Environment: AWS, Redshift, PySpark, Cloudera, Hadoop, Spark, Sqoop, MapReduce, Python, Tableau,
EC2, EMR, Glue, S3, Kafka, IAM, Azure, PostgreSQL, MySQL, Jenkins, Maven, AWS CLI, Cucumber, Java,
Unix, Shell Scripting, Maven, Git.
Kelly Maxson| Hyderabad, IN May
2013 to Dec 2016
SQL Developer
Responsibilities:
• Worked on new Data warehouse design for ETL and Reporting projects using SSIS and SSRS.
• Created various kinds of reports using Power BI and Tableau based on the client's needs.
• Implemented indexes such as clustered index, non-clustered index, covering index appropriately
on data structures to achieve faster data retrieval.
• Worked with Data Governance tools and extract-transform-load (ETL) processing tool for data
mining, data warehousing, and data cleaning using SQL.
• Optimized SQL performance, integrity, and security of the project’s databases/schemas.
• Performed ETL operations to support incremental, historical data loads and transformations using
SSIS.
• Created SSIS packages to extract data from OLTP to OLAP systems and scheduled jobs to call the
packages.
• Implemented Event Handlers and Error Handling in SSIS packages and notified process results to
various user communities.
• Designed SSIS packages to import data from multiple sources to control upstream and downstream
of data into SQL Azure database.
• Used various advanced SSIS functionalities like complex joins, conditional splitting, column
conversions for better performance during package execution.
• Developed impactful reports using SSRS, MS Excel, Pivot tables and Tableau to solve the business
requirements.
• Maintained the physical database by monitoring performance, integrity and optimize SQL queries
for maximum efficiency using SQL Profile.

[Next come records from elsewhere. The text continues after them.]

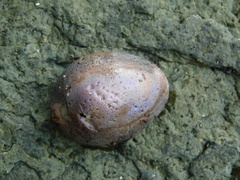 Monetaria annulus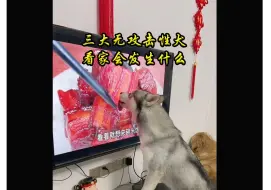 Download Video: 如果让三大无攻击性犬看家会发生什么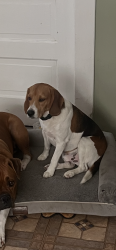 Reunited Male Dog last seen Jackson and magnolia, Riverside, CA 92503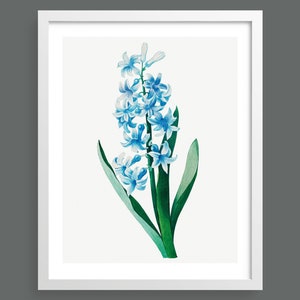 Hyacinth by Pierre-Joseph Redouté | Vintage botanical plant illustration | Art print for nature lovers
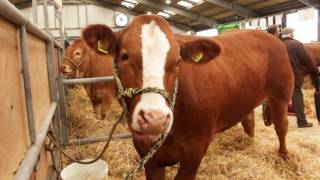 Royal Cornwall Show 2017 Day 1 [upl. by Llerret]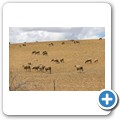 Overberg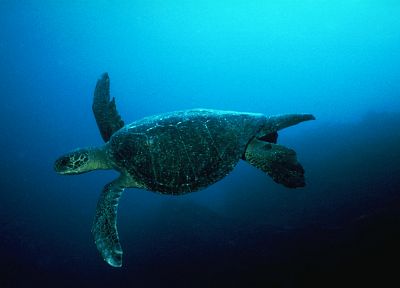 turtles, underwater - desktop wallpaper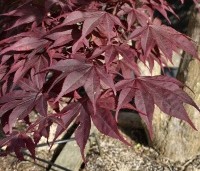 Acer palmatum 'Bloodgood' - Japanse esdoorn - 3
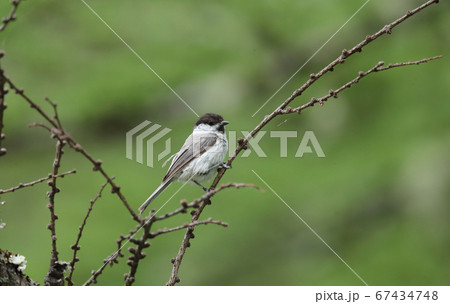 コガラ コガラ 67434748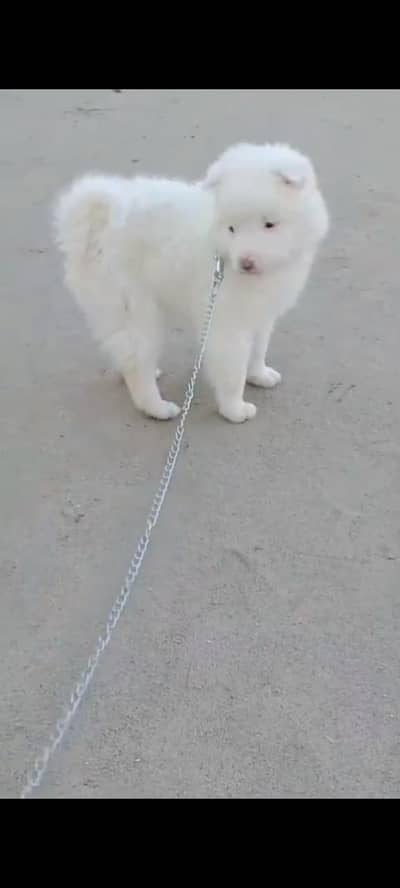 Russian dog for sale male or female my WhatsApp 302=6941=814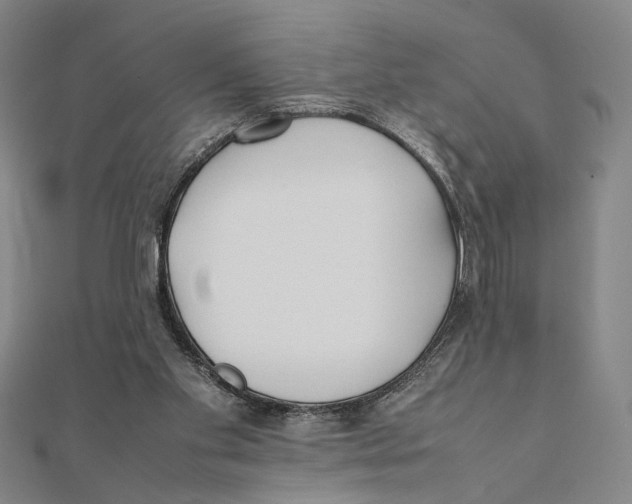 X0000111490109200908111233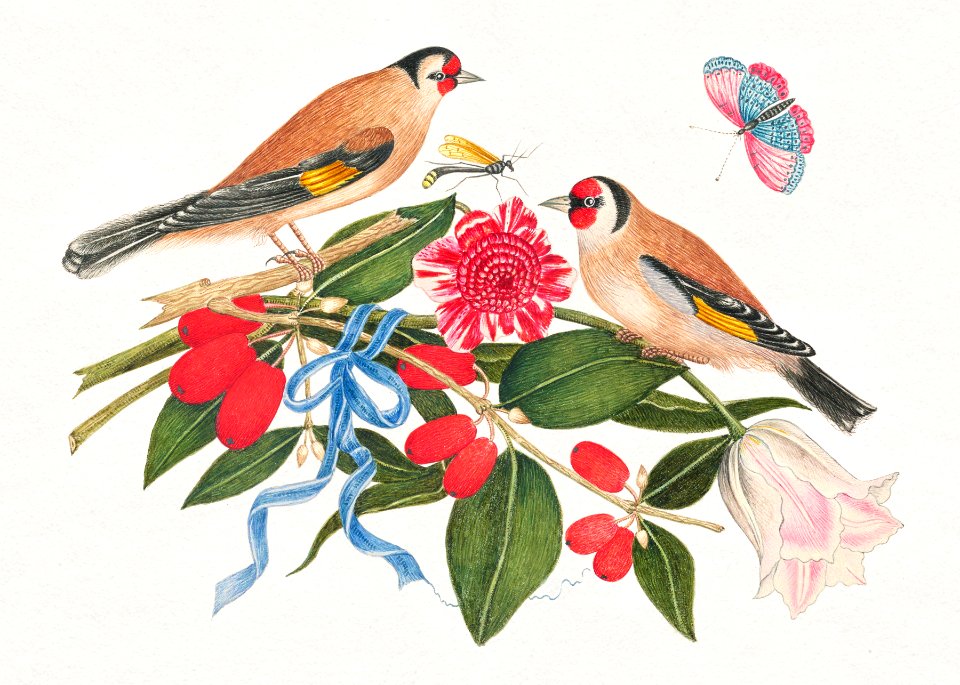 The 18th century illustration of pair of brown birds with blossoms, berries, and a butterfly.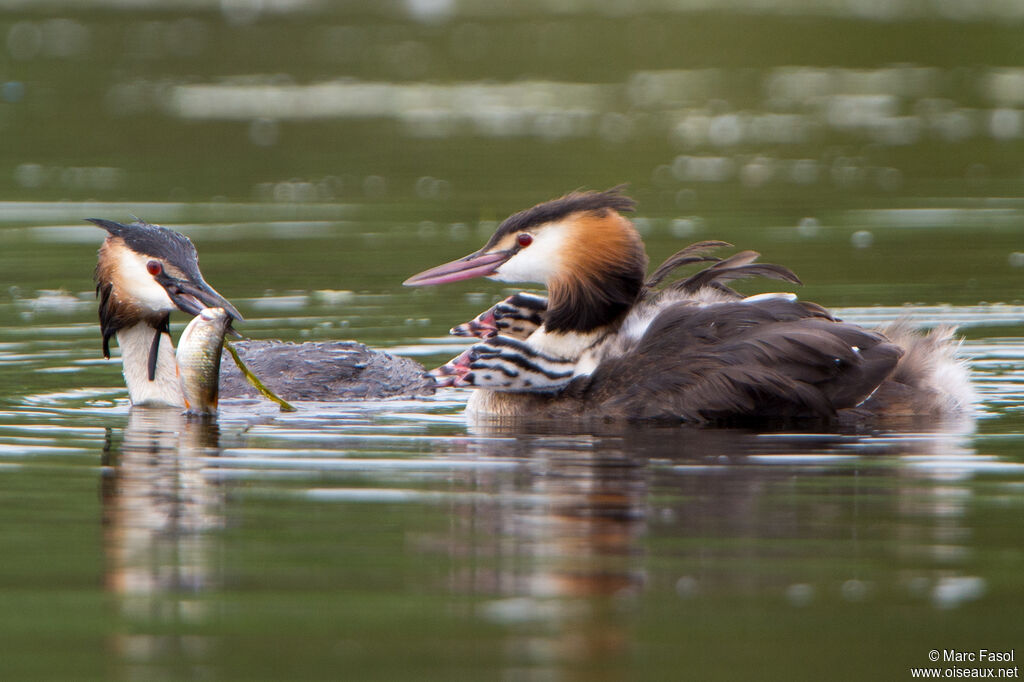 Great Crested Grebe, identification, swimming, feeding habits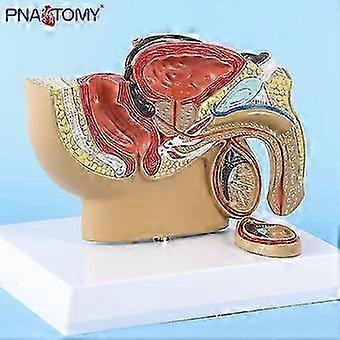 Boeyaa Mâle panatomie modèle testicule prostate modèle anatomique système urinaire médical enseignem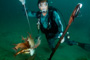 slides/_MG_6397_Edit.jpg Catch, Coral Sea Fans Rocks, David, Underwater _MG_6397_Edit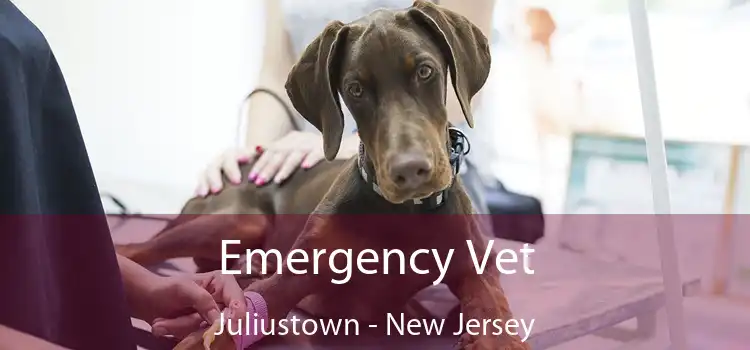 Emergency Vet Juliustown - New Jersey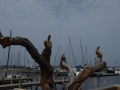 P1020576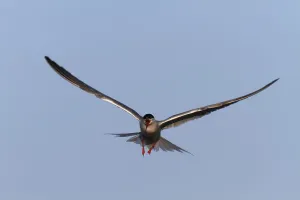 Wadden Sea Landscape Photography Drucke: Common Tern (Sterna hirundo), flight study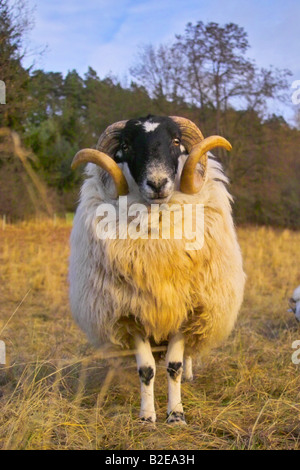 Heath allemand Sheep standing in field, Allemagne Banque D'Images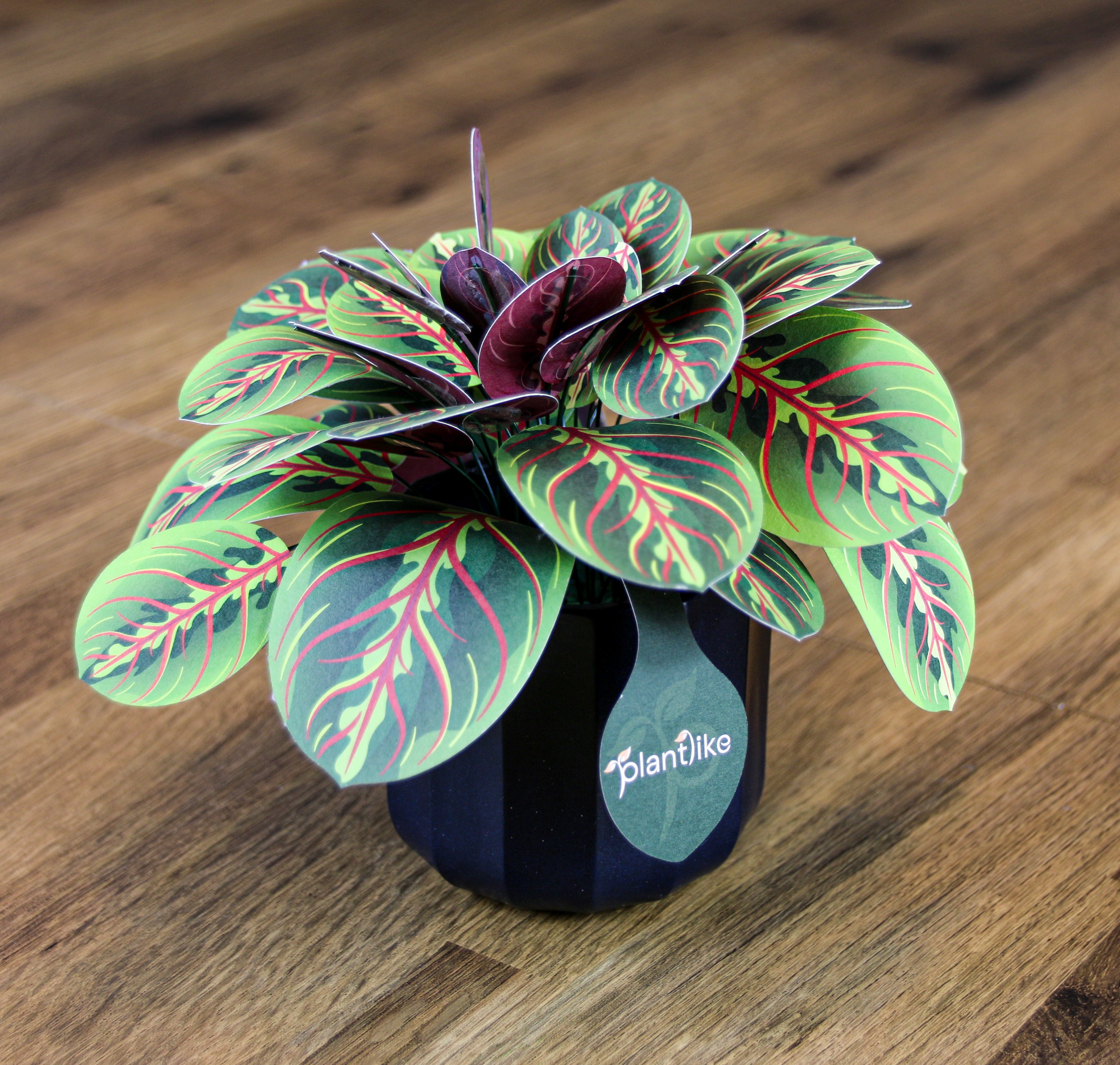 Plantlike prayer plant craft displayed with real houseplants - zero maintenance paper plant gift UK delivery available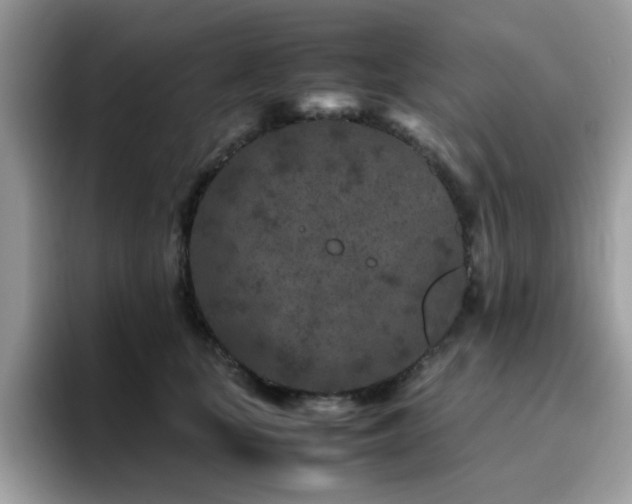 X0000094950659200711291414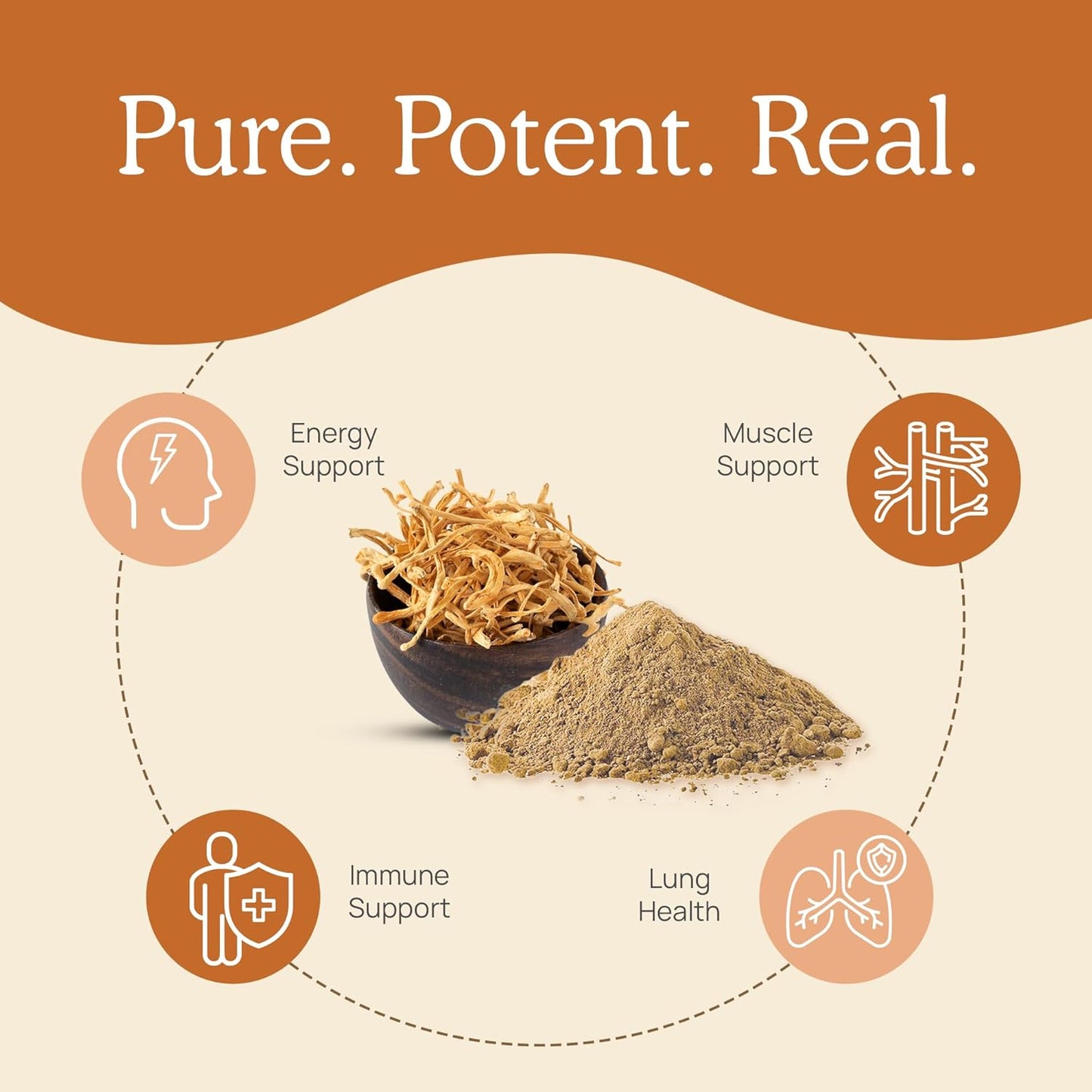 Brain, Vitality, and Immune Support Bundle with Lion’s Mane, Reishi, and Cordyceps - Cognition, Longevity, and Peak Performance Capsules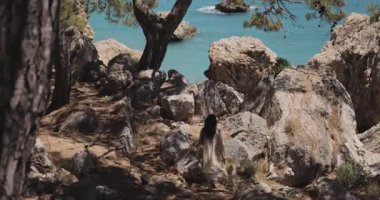 Saçları dökülmüş boho tarzı bir kadın engebeli bir uçurum kenarında çam ağaçları ve kayalarla çevrili denize doğru yürüyor. Özgürlük, seyahat, moda veya açık hava yaşam tarzı görüntüleri için ideal.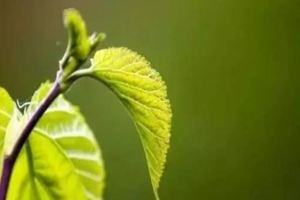 糖尿病治療，一種樹葉對對空腹餐後都有效果，您用過嗎？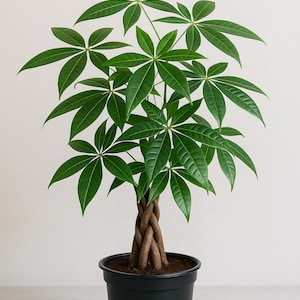 May include: A braided trunk money tree plant with dark green leaves in a black plastic pot. The plant is on a white surface.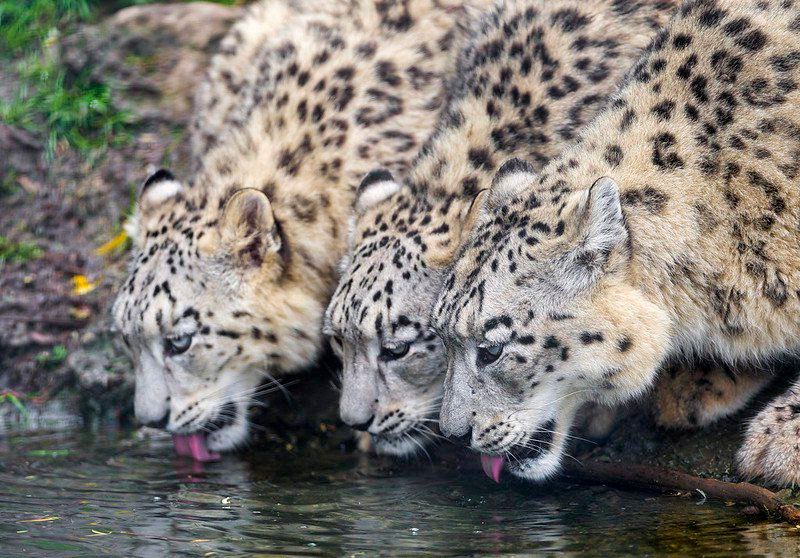 Snow leopards at a watering hole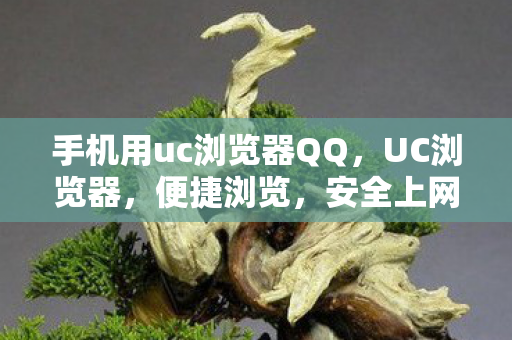 手机用uc浏览器QQ，UC浏览器，便捷浏览，安全上网的得力助手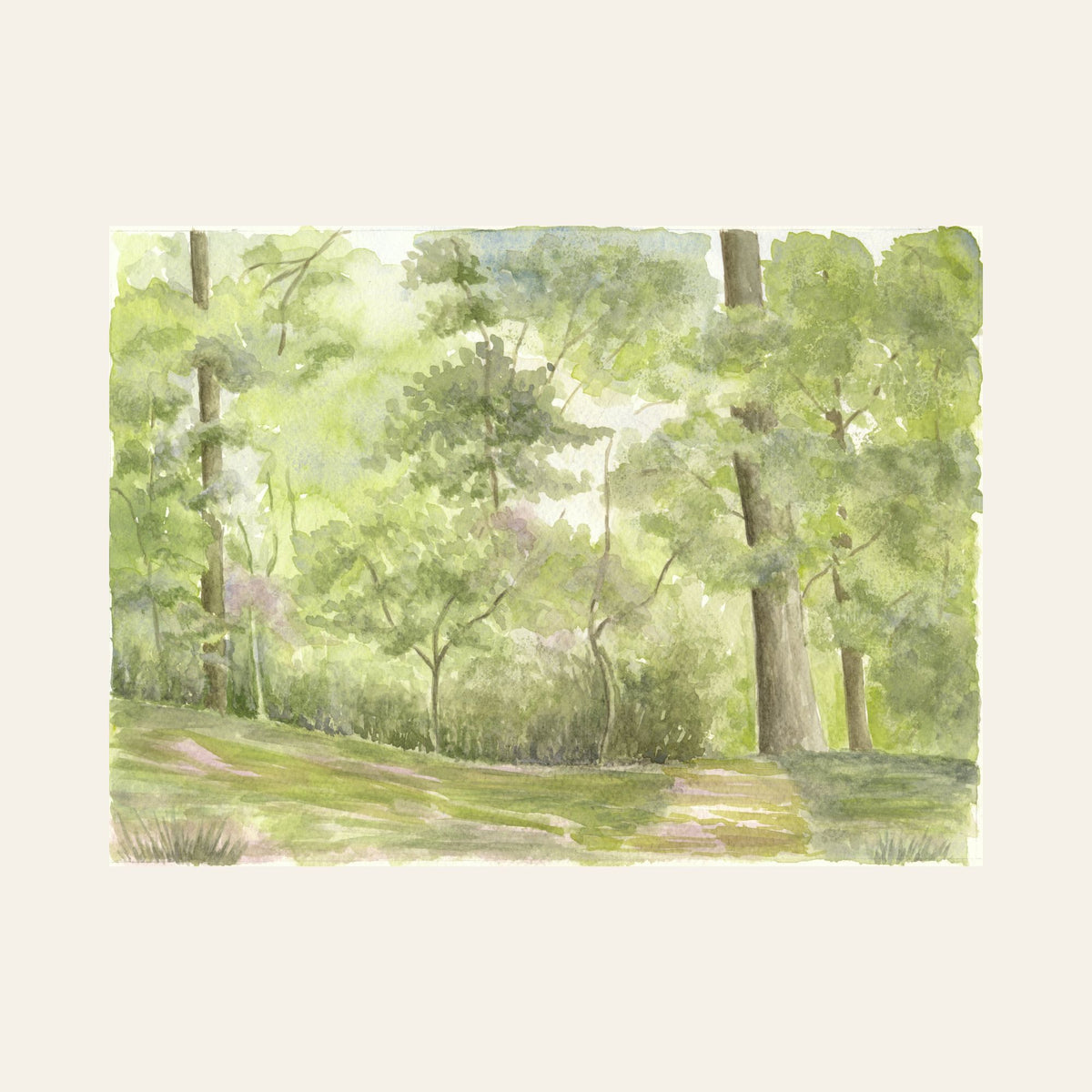 A Path through Soignes — Framed Fine Art Paper Print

• Worked on formatting SSRS reports using the Global variables and expressions.
• Created Power BI Reports using the Tabular SSAS models in Power BI desktop and published them
to Dashboards using cloud service.
• Created designs and process flow on to how standardize Power BI Dashboards to meet the
requirements of the business. Made changes to the existing Power BI Dashboard on a regular basis
as per requests from Business.
• Created data maintenance plan for backup and restore and update statistics and rebuild indexes.
Environment: SQL Server 2016, T-SQL, SQL Profiler, SSIS, SSRS, SSAS, TFS, SSAS, MS SQL Server,
Oracle10g, Oracle WebLogic Server, Query Analyzer, Power BI, Power Pivot, Windows, MS Excel.